KLAS’ interoperability reports over the past year have had a specific focus: the vendor connections to Carequality and CommonWell. Providers most frequently talk about these two networks allowing them to achieve “plug-and-play” interoperability without significant investments of time and money.
Last March, KLAS published a report on what EMR vendors had done to connect providers to Carequality or CommonWell. In December, we followed up with a report on the progress vendors had made over the previous six months. The third report and culminating data of this series published in February.
While 2018’s reports focused on whether providers were consuming data through the networks, the 2019 edition focused on the EMR vendors’ ability to make that data usable by clinicians. Beyond connecting to Carequality and/or CommonWell, vendors must make the incoming data easy to consume and part of the users’ workflow.
Vendor Progress
The good news is that most major EHR vendors are connected to Carequality and/or CommonWell. And because of the Meaningful Use mandate stating that problem, allergy, medication, and immunization (PAMI) data be discrete, all of those vendors can reconcile PAMI data.
There are significant differences in vendors’ abilities to handle labs and notes. On one end of the spectrum, providers have to manually select each patient; on the other end, data flows directly into the EMR without provider intervention. Most vendors are somewhere in the middle. Epic and Cerner are the most capable of bringing outside data into the clinician workflow.
The 2019 report digs into the nuances of each EMR vendor’s capabilities and gives each vendor a rating on the overall usability of outside data. [To learn more about how outside data flows into your vendor’s EMR, you can read the full report.]
No matter the EMR, there is room for improvement. For example, customers from every base complain about receiving redundant data. But the gap between shared data and usable data is narrower than many providers assume, and that gap continues to shrink.
The Next Hurdle
The technical capabilities are there. The biggest remaining hurdle is widespread adoption; most vendor customers choose to do this one at a time.

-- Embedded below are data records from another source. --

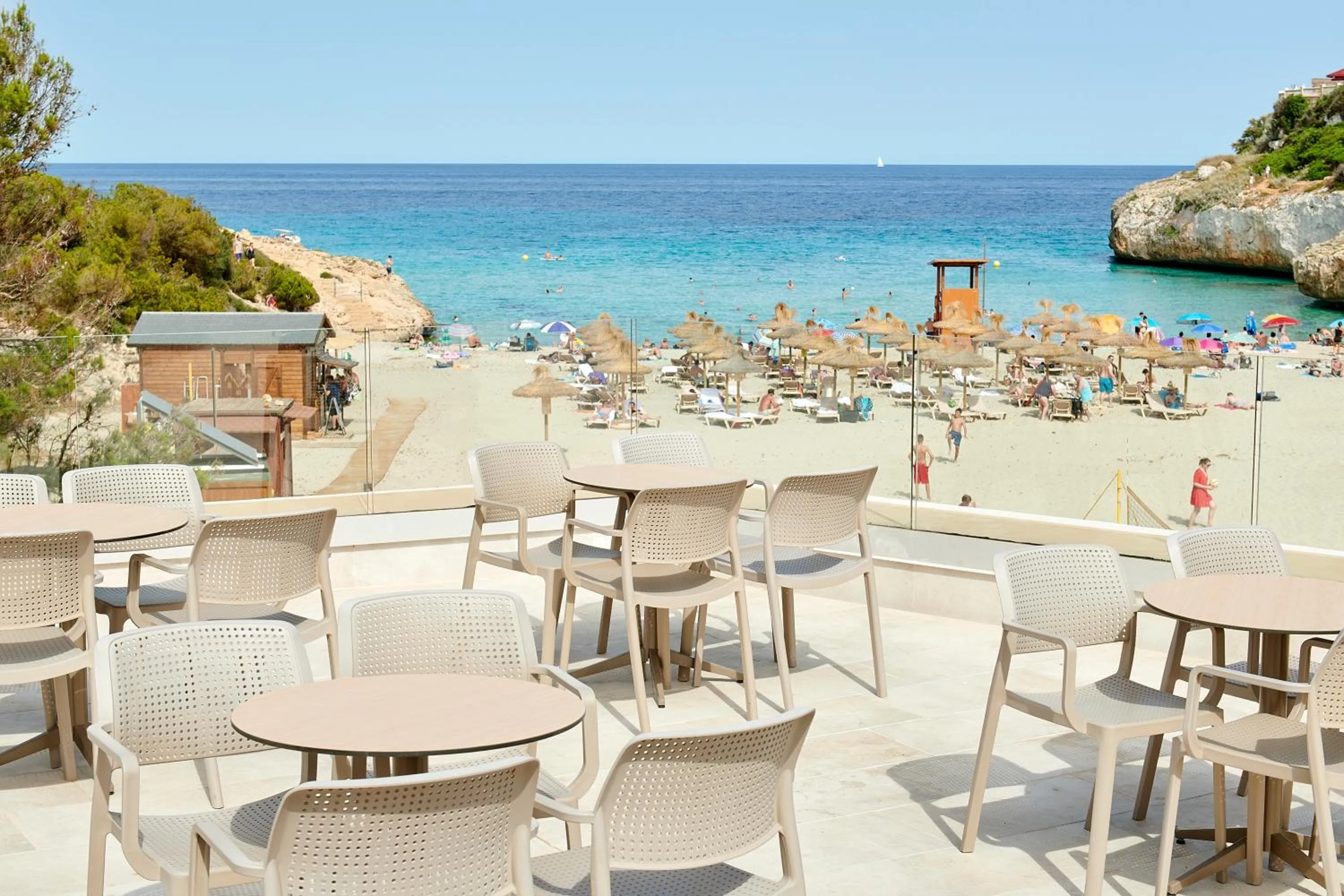 Restaurant/places to eat in Iberostar Waves Cala Domingos All Inclusive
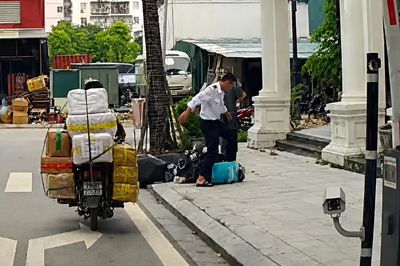 Chủ tịch Hà Nội yêu cầu xử lý vụ tài xế bị hành hung trước khu đô thị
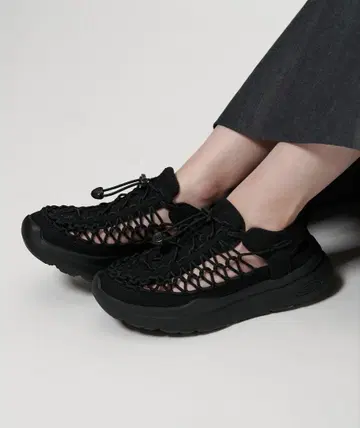 [새상품급] KEEN UNEEK WK 킨 유니크 더블케이 24.5cm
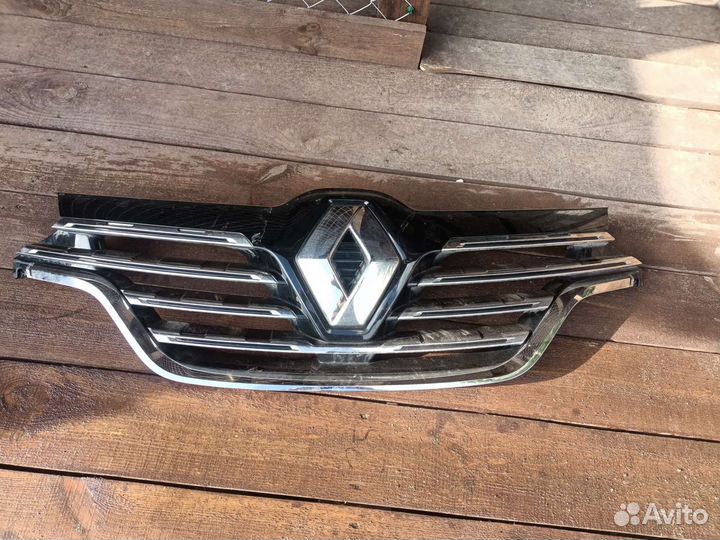 Решетка радиатора Рено колеос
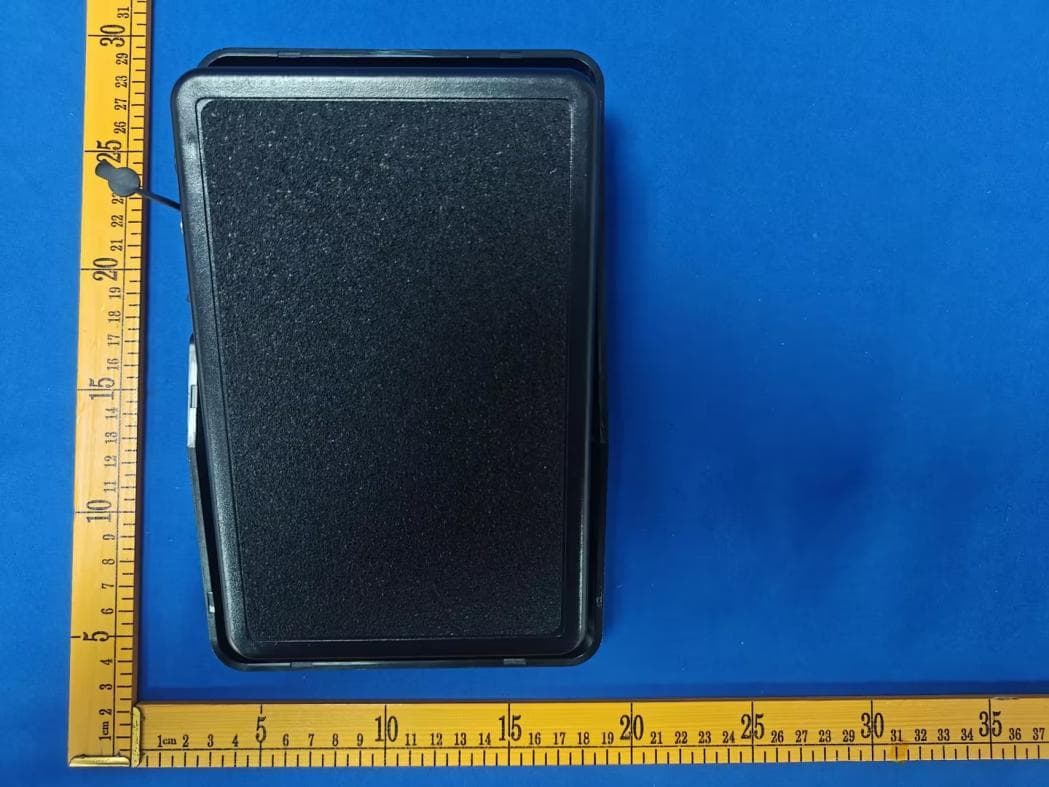 Wireless pedal receiver FT07-R1 - FCC ID 2A8BF-FT07 - Nova Industries Inc (3)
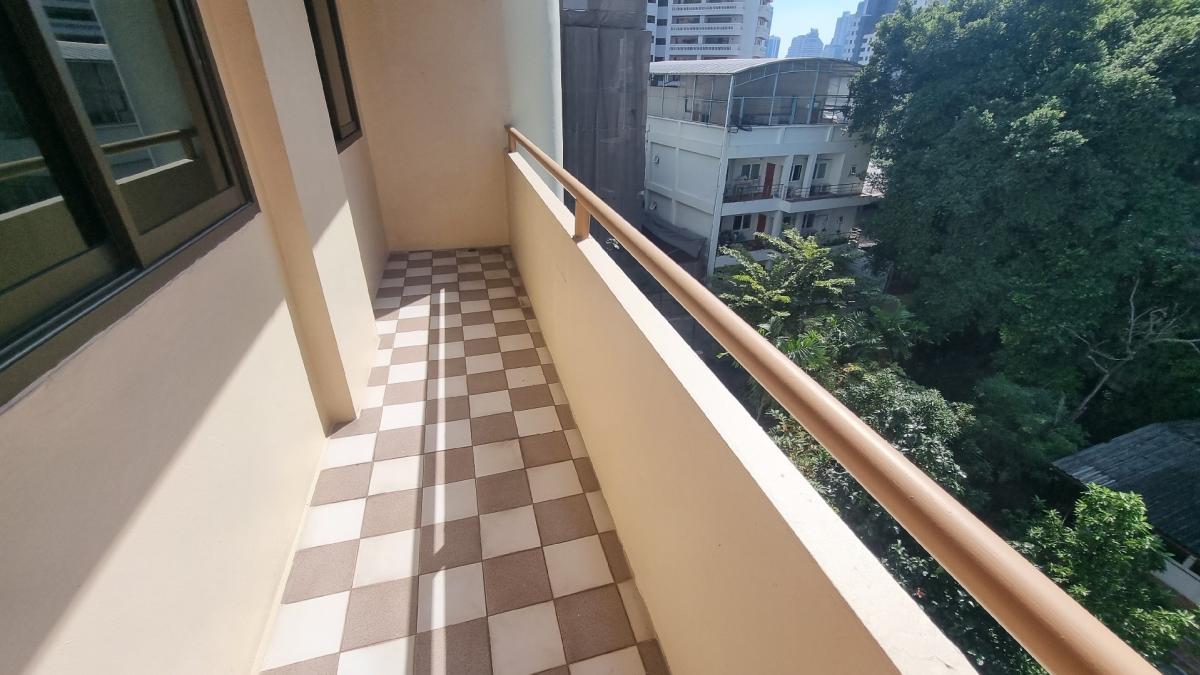 ให้เช่าสุขุมวิท อโศก ทองหล่อ : พร้อมพงษ์ Pet friendly อพาร์ทเมนท์ให้เช่า เหมาะสำหรับครอบครัว 3 ห้องนอน 4 ห้องน้ำ มีรถรับส่ง BTS และพื้นที่ใกล้เคียง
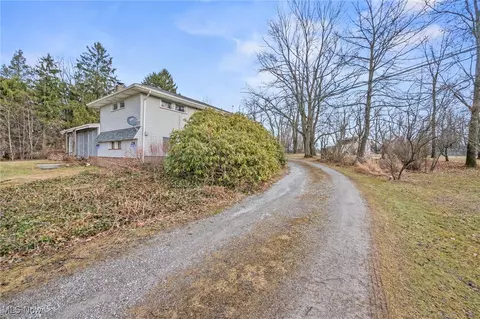 12873 Unity Rd, New Springfield, OH 44443 photo 6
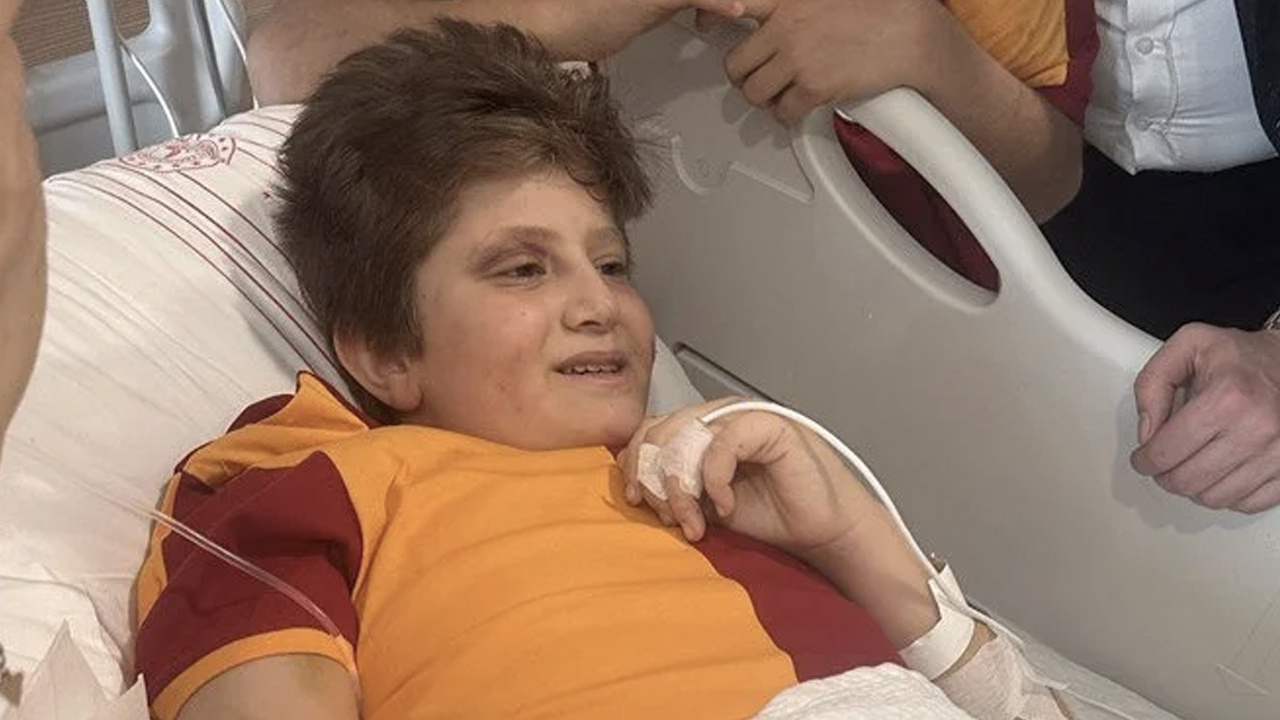 62. saatte enkaz altından çıkarılan Cihan Emir Parlak hayatını kaybetti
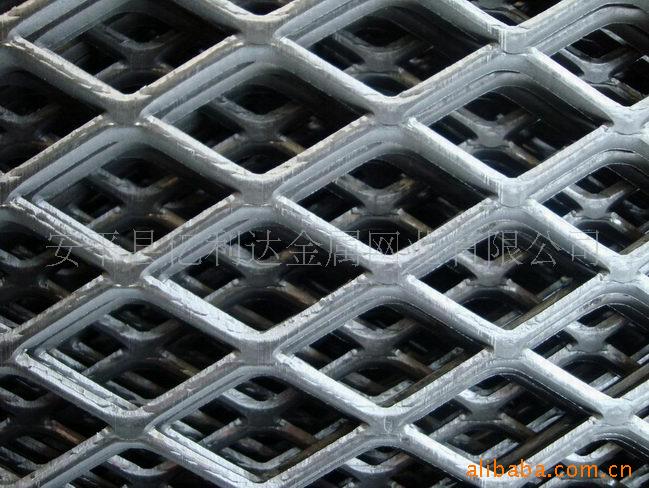 供应丝网,金属板网,钢板网、铝板网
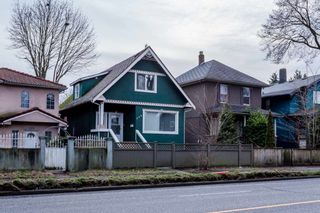 Photo 2: 524 E 12TH Avenue in Vancouver: Mount Pleasant VE House for sale (Vancouver East)  : MLS®# R2235406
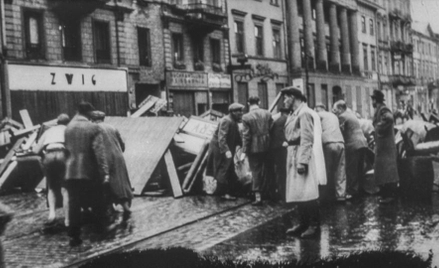 Sierpień-październik 1944, budowa barykady na Nowym Świecie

Epic’s and athenahealth’s customer bases are, by and large, connected to the national networks and use outside data gleaned via those networks. Unfortunately, those vendors are the exceptions. Most vendors have less than 30 percent of their customers connected to one of the networks. Until there is widespread adoption, there will always be gaps in the clinical picture.
Another side effect from the lack of adoption? It slows down the learning curve that providers must go through to become comfortable with the data. Many newly connected providers talk about concerns around implications of using outside data and how to use outside data that is now available to them.
Epic’s customer base has the longest history of sharing plug-and-play data with other Epic organizations, starting first with Care Everywhere. Early on, their customers had many of the same concerns plaguing other providers now. Today, Epic customers have progressed to the point of being highly comfortable with using outside data. They are willing to let data flow directly into the native fields of the EMR.
There is certainly a learning curve associated with connecting to and using Carequality, CommonWell, and other organizations’ patient information. But I believe healthcare stakeholders are pleased with the progress that EHR vendors are making with interoperability. It’s time for widespread adoption to remove the last remaining hurdles.
Hope for the Future
Despite the many challenges in the industry, it’s an exciting time to be a healthcare provider. Plug-and-play interoperability is finally within our grasp.